Timestamp subtraction must have the same timezones or no timezones but they are both UTC
There are questions that addresses the same error TypeError: Timestamp subtraction must have the same timezones or no timezones
but none faces the same issue as this one.
I have 2 UTC Timestamps that throw that error when substracted.
print(date, type(date), date.tzinfo)
>>> 2020-07-17 00:00:00+00:00 <class 'pandas._libs.tslibs.timestamps.Timestamp'> UTC
print(date2, type(date2), date2.tzinfo)
>>> 2020-04-06 00:00:00.000000001+00:00 <class 'pandas._libs.tslibs.timestamps.Timestamp'> UTC
date - date2
>>> TypeError: Timestamp subtraction must have the same timezones or no timezones
Edit: I'm using Python 3.6.9 and Pandas 1.0.1
Solution 1:
Had same problem. If you're reading data using pandas read_csv
, it uses <class 'pytz.UTC'>
. So solution for me was to simply use same class everywhere.
Sample code generating error
from datetime import datetime, timedelta, timezone
import pandas as pd
now = datetime.now(tz=timezone.utc)
some_time_ago = now - timedelta(7)
print('Timezone info before reading_csv')
print(some_time_ago.tzinfo, type(some_time_ago.tzinfo))
time_passed = now - some_time_ago
print (time_passed)
df = pd.DataFrame([some_time_ago], columns=['date'])
df.to_csv('dates.csv', index=False)
df2 = pd.read_csv('dates.csv', parse_dates=['date'])

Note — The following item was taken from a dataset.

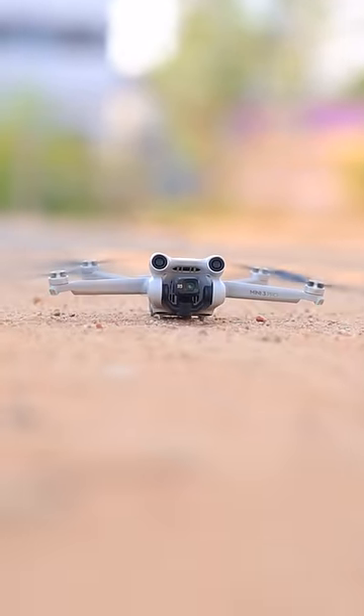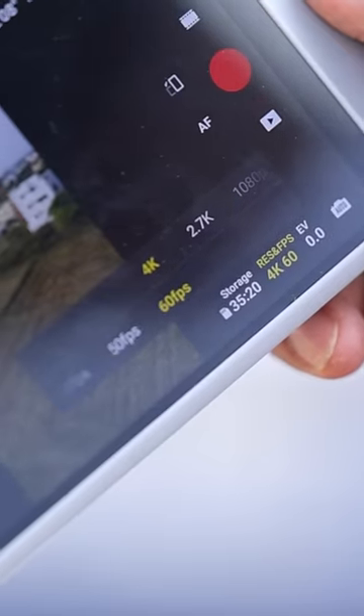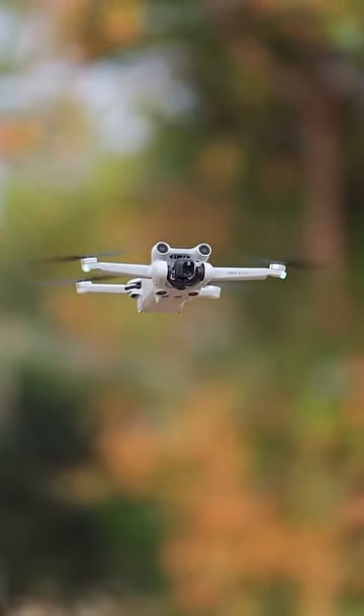The Mini 3 Pro is a small drone. The weight is about 80 grams. If you want to shoot with Gimbal Stabilization in 4K 60fps, you can have a great video. If you want to use the range, you can have a great video.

print('\nTimezone info after reading_csv')
print(df2.iloc[0,0].tzinfo, type(df2.iloc[0,0].tzinfo))
now = datetime.now(tz=timezone.utc)
some_time_ago = now - df2.iloc[0,0]
print(some_time_ago)
Timezone info before reading_csv
UTC <class 'datetime.timezone'>
7 days, 0:00:00
Timezone info after reading_csv
UTC <class 'pytz.UTC'>
---------------------------------------------------------------------------
TypeError Traceback (most recent call last)

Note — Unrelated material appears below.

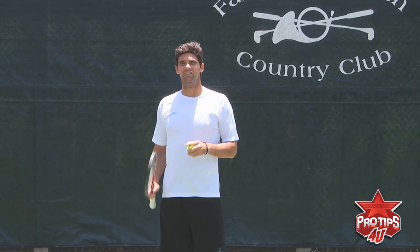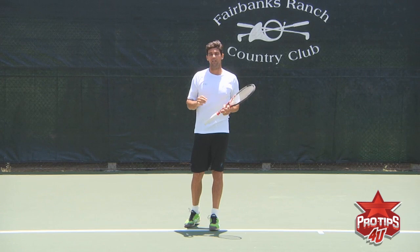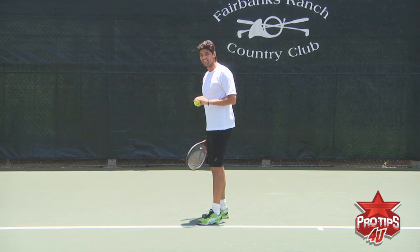Hi, I'm Mark Filippoussis and today we're going to be talking about the serve. Another very important thing on the serve is body transference, and that's where you can get a lot of power. Racket head speed does give you power, but if you want that extra power and get up there in the 120s, 130, 140 miles an hour, you need to have body transference into the serve — and where it all starts is the legs.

<ipython-input-23-b2815e32e8b7> in <module>
19
20 now = datetime.now(tz=timezone.utc)
---> 21 some_time_ago = now - df2.iloc[0,0]
22 print(some_time_ago)
pandas/_libs/tslibs/c_timestamp.pyx in pandas._libs.tslibs.c_timestamp._Timestamp.__sub__()
TypeError: Timestamp subtraction must have the same timezones or no timezones
Correct code with pytz
import pytz
from datetime import datetime, timedelta
import pandas as pd
now = datetime.now(tz=pytz.UTC)
some_time_ago = now - timedelta(7)
print('Timezone info before reading_csv')
print(some_time_ago.tzinfo, type(some_time_ago.tzinfo))
time_passed = now - some_time_ago
print (time_passed)
df = pd.DataFrame([some_time_ago], columns=['date'])
df.to_csv('dates.csv', index=False)
df2 = pd.read_csv('dates.csv', parse_dates=['date'])
print('\nTimezone info after reading_csv')
print(df2.iloc[0,0].tzinfo, type(df2.iloc[0,0].tzinfo))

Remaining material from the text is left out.